Hertz Projecting Earnings at Top of Forecasted Range

Hertz Global Holdings said it was anticipating its earnings for the full-year to be near its forecast’s top-range providing a strong lift for the stock after a number of restatements for financials and a deep retooling of its operations.

The rental car company based in Naples, Florida announced on Friday that another group of accounting errors lowered the reported net income between 2011 and 2013 by $144 million. That total now brings to an end the restatements process of the company

Hertz’s John Tague the new CEO said the rental car company turned the page and expects that its consolidated earnings prior to taxes, interest amortization and depreciation would be between $1.44 billion and $1.54 billion for the year.

Investors cheered up after hearing the latest forecasts as shares were up over 20% during the session on Friday and settled in at the close up almost 13%.

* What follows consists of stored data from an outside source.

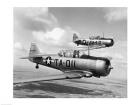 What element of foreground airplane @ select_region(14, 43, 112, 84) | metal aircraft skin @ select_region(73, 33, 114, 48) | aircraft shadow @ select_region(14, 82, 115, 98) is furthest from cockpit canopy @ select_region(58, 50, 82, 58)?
aircraft shadow @ select_region(14, 82, 115, 98)

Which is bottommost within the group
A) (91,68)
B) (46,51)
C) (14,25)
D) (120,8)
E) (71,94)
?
(71,94)

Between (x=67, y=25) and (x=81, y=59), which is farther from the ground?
(x=67, y=25)

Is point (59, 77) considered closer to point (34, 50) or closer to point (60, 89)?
point (60, 89)

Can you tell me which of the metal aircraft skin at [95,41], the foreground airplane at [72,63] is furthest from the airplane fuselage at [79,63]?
the metal aircraft skin at [95,41]

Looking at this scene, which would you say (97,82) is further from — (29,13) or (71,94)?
(29,13)

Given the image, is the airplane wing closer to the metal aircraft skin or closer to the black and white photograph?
the black and white photograph

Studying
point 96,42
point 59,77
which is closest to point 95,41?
point 96,42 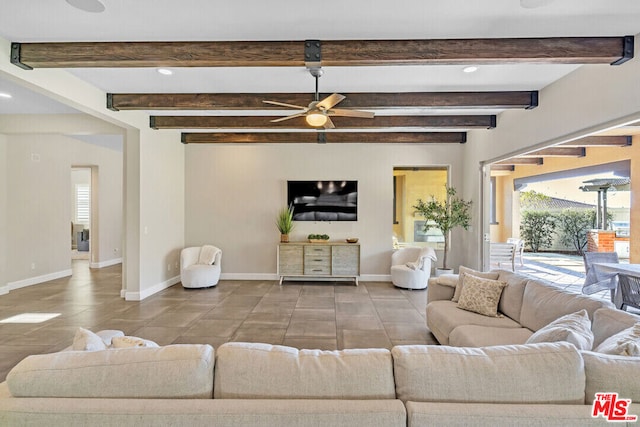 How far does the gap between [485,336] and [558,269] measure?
6.49 m

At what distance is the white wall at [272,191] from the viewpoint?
665cm

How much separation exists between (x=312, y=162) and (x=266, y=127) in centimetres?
159

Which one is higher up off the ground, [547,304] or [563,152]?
[563,152]

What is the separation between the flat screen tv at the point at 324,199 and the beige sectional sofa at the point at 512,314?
3309 millimetres

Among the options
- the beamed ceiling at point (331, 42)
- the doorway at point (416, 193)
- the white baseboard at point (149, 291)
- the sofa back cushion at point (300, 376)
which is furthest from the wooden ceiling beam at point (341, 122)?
the sofa back cushion at point (300, 376)

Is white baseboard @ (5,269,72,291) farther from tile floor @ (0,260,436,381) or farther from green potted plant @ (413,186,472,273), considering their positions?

One analyst said he spoke to his investors and was expecting the income from Hertz to be in the $1 billion range or less. He kept his price target nonetheless at $16 due to the auto rental business vulnerabilities.

Tague speaking on a call with analysts said that Hertz was planning to cut its annual costs by up to $300 million, with close to $200 million realized in 2015.

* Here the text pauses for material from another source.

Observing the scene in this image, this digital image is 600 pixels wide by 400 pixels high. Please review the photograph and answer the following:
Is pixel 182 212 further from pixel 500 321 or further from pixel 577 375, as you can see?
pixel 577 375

He added that senior leadership at the company had been rebuilt substantially with talent that was best in its class across the entire company.

He added that the fleet renewal was close to being completed and that the execution was exceptional. The capacity is back in line with the demand.

Hertz like many competitors is facing newer challenges in the rental agency as the increase in car sharing, such as Uber, continues pressuring the rent a car industry. Hertz also is the operator of both Thrifty and Dollar rental brands.

Tague’s plan to reduce costs includes the freezing of the defined benefits pension, closing off airport unprofitable facilities as well as consolidating what it spends on IT services.

Hertz is also buying back shares worth $1 billion and will be financed through the combination of asset sales and free cash flow.